● Data supplied:
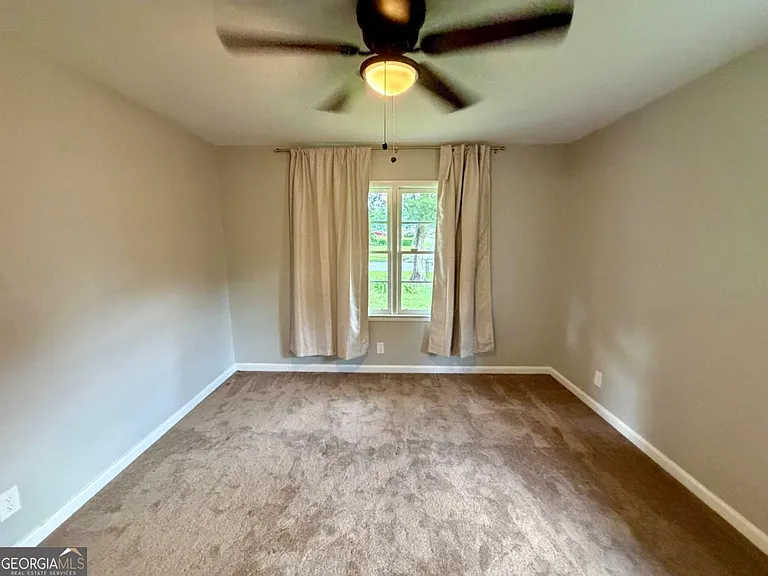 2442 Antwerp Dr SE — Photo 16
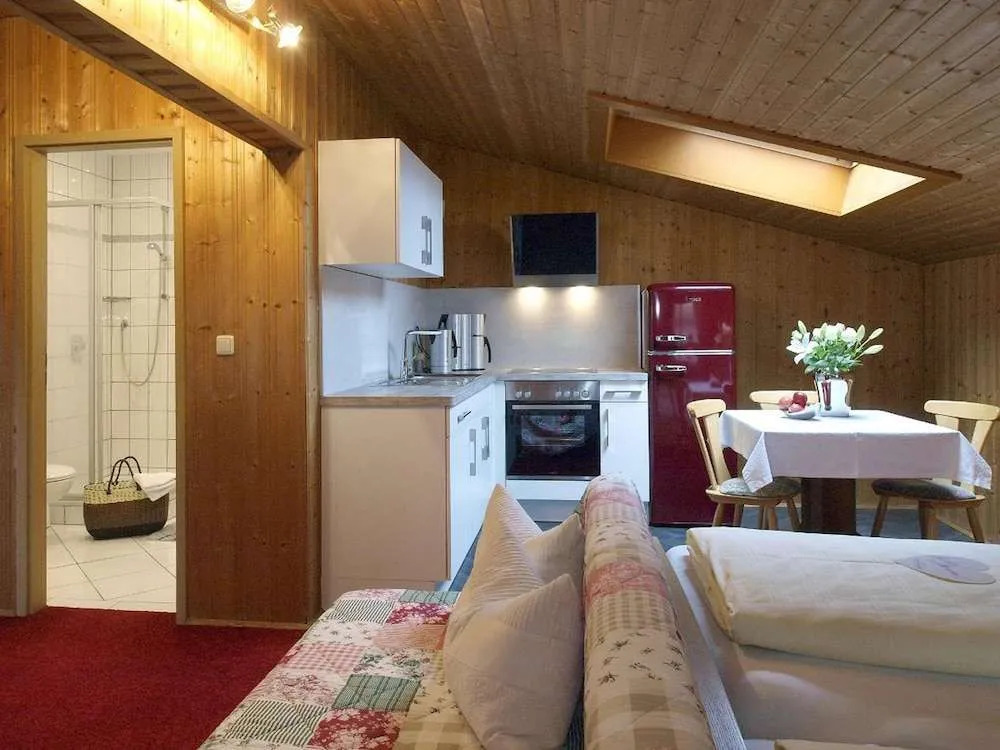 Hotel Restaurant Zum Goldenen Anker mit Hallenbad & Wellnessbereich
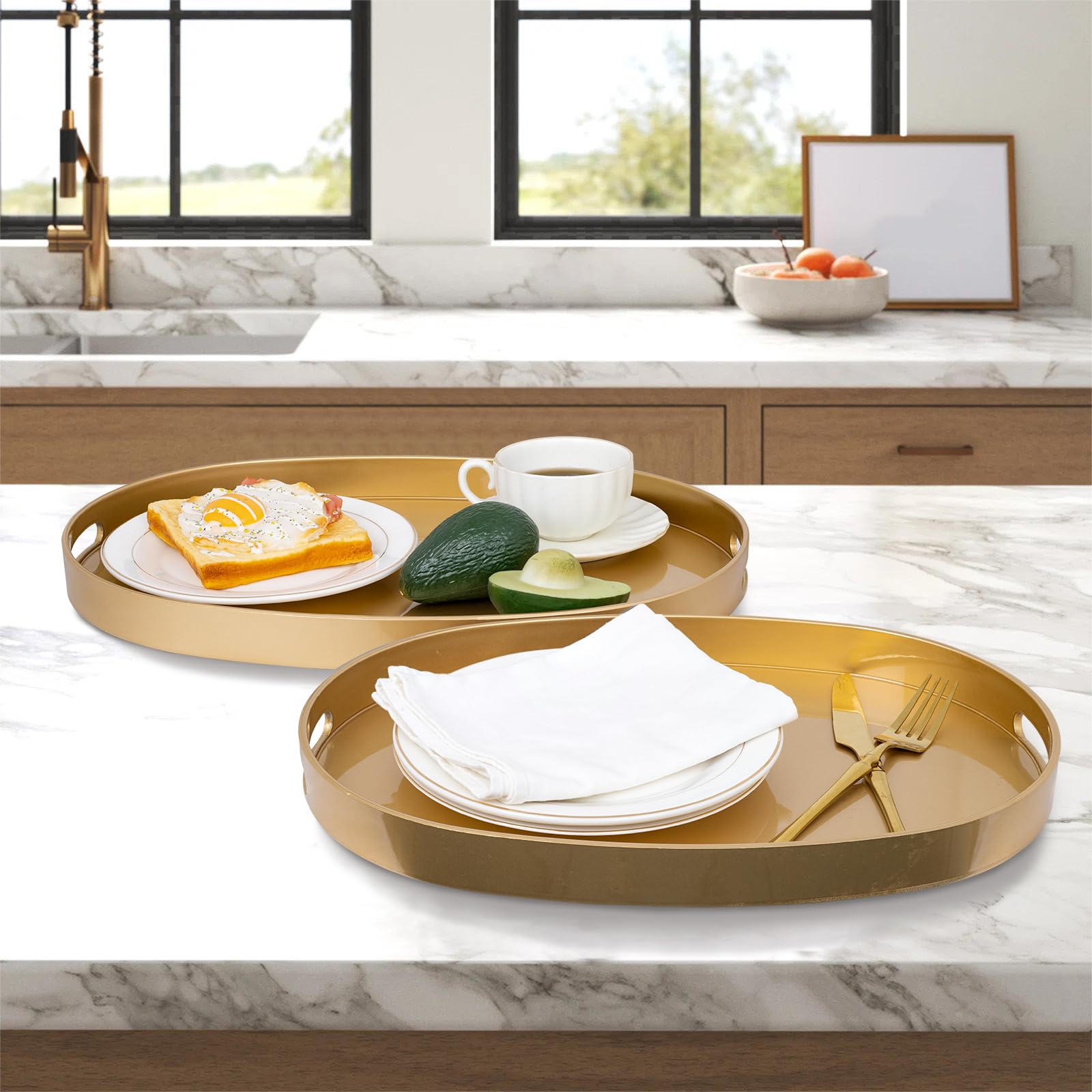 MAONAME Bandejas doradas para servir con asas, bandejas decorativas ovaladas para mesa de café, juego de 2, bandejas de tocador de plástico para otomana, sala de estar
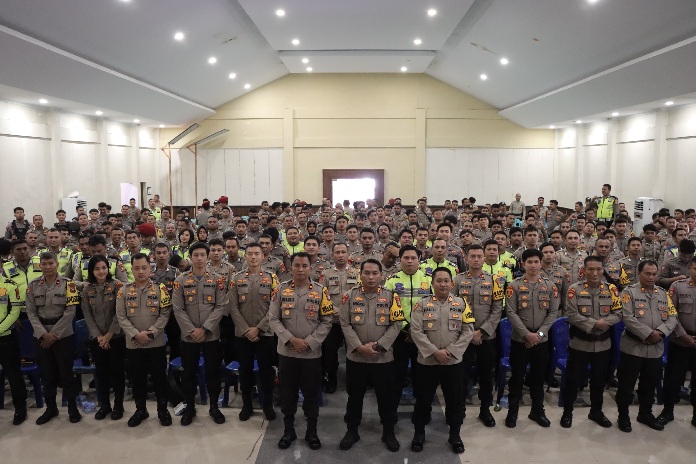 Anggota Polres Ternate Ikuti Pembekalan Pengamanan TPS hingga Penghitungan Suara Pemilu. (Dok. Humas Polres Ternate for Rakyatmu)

---

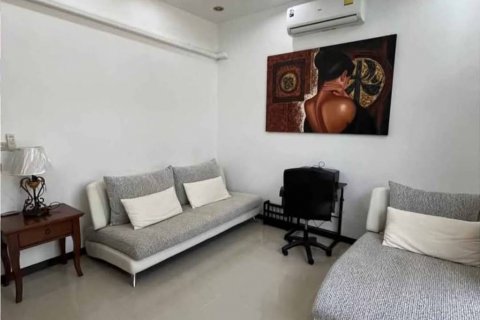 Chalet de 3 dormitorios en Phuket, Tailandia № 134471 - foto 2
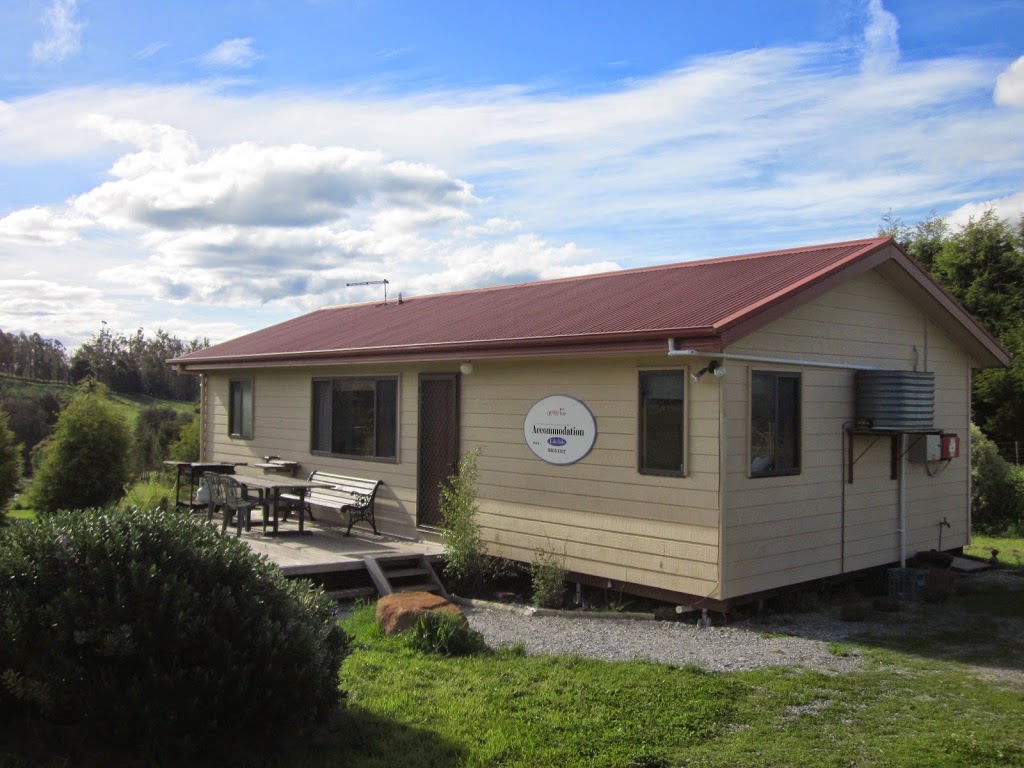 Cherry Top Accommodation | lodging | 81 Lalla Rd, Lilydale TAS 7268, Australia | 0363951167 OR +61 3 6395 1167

● Task description: Every line above in the stretch from the one with "2442 Antwerp Dr SE — Photo 16" through the one with "Anggota Polres Ternate" is to be transcribed exactly, ends included. No picture is copied.

● Answer box:
 2442 Antwerp Dr SE — Photo 16
 Hotel Restaurant Zum Goldenen Anker mit Hallenbad & Wellnessbereich
 MAONAME Bandejas doradas para servir con asas, bandejas decorativas ovaladas para mesa de café, juego de 2, bandejas de tocador de plástico para otomana, sala de estar
 Anggota Polres Ternate Ikuti Pembekalan Pengamanan TPS hingga Penghitungan Suara Pemilu. (Dok. Humas Polres Ternate for Rakyatmu)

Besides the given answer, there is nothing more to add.